### [REQUIRED WORK]
In the listing below, the lines starting at the line with "Jose Ibarra Estudio" and ending at the line with "bedroom featuring wood finished floors" are to be output verbatim. Images stay out of the copy.

### [PROVIDED RECORDS]
:::::

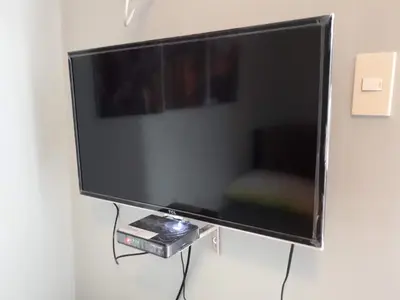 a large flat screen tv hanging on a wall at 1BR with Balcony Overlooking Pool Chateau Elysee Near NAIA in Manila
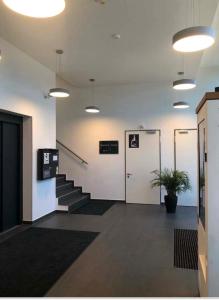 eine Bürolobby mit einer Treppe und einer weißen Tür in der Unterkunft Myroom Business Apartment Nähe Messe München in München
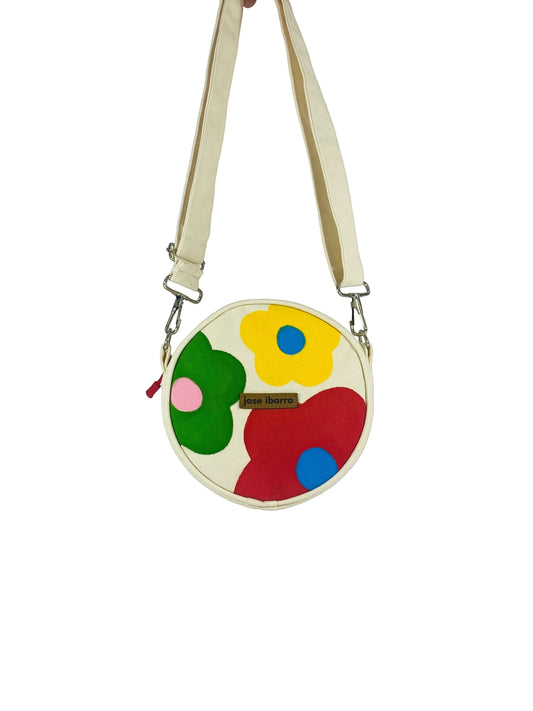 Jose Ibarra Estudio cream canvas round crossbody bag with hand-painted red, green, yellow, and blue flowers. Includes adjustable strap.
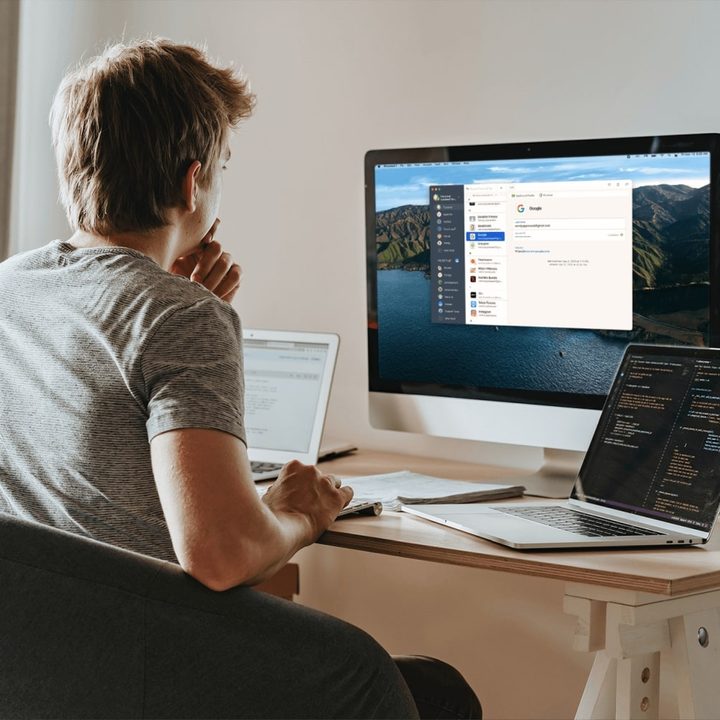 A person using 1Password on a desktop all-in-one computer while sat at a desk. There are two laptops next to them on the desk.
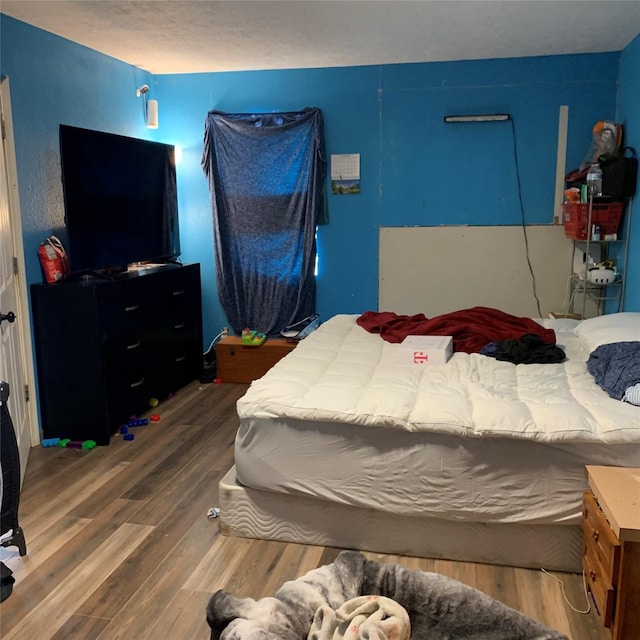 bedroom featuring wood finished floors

:::::

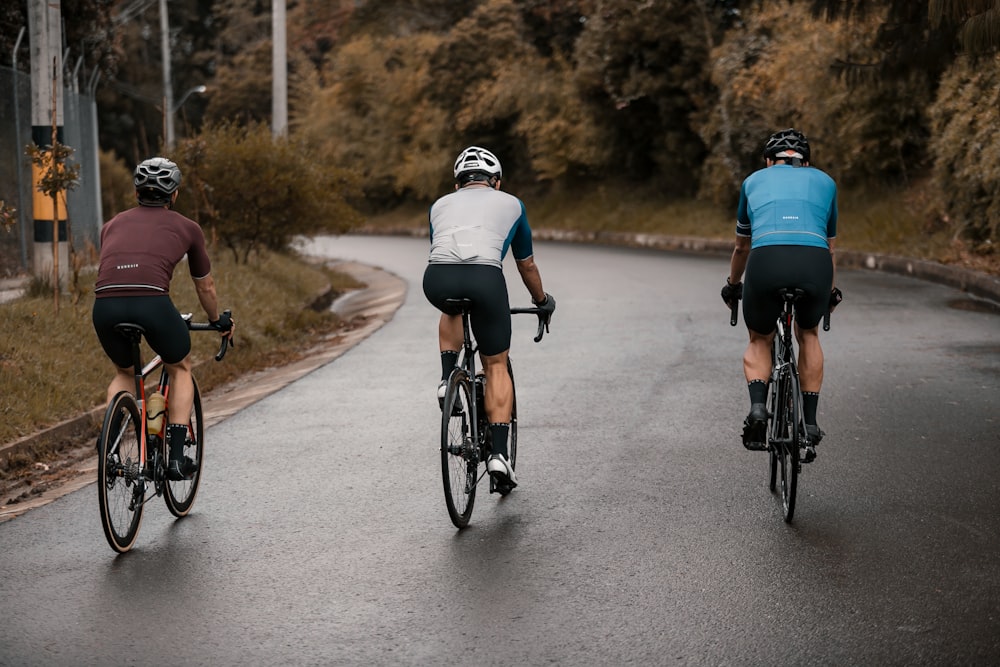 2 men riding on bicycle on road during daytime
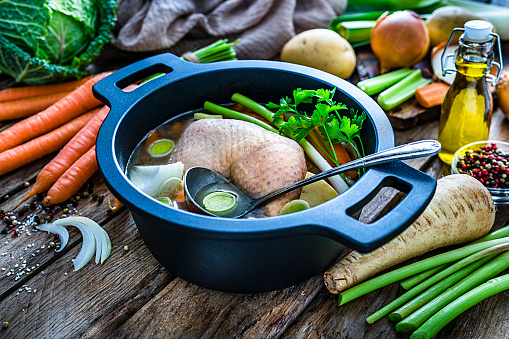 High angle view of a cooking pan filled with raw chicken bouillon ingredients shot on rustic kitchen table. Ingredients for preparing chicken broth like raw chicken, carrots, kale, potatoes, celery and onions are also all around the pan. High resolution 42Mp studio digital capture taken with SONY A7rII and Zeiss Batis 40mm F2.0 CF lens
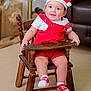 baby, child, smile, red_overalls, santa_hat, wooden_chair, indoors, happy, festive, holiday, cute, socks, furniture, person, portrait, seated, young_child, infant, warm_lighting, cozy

:::::

### [EXERCISE RESULT]
 Jose Ibarra Estudio cream canvas round crossbody bag with hand-painted red, green, yellow, and blue flowers. Includes adjustable strap.
 A person using 1Password on a desktop all-in-one computer while sat at a desk. There are two laptops next to them on the desk.
 bedroom featuring wood finished floors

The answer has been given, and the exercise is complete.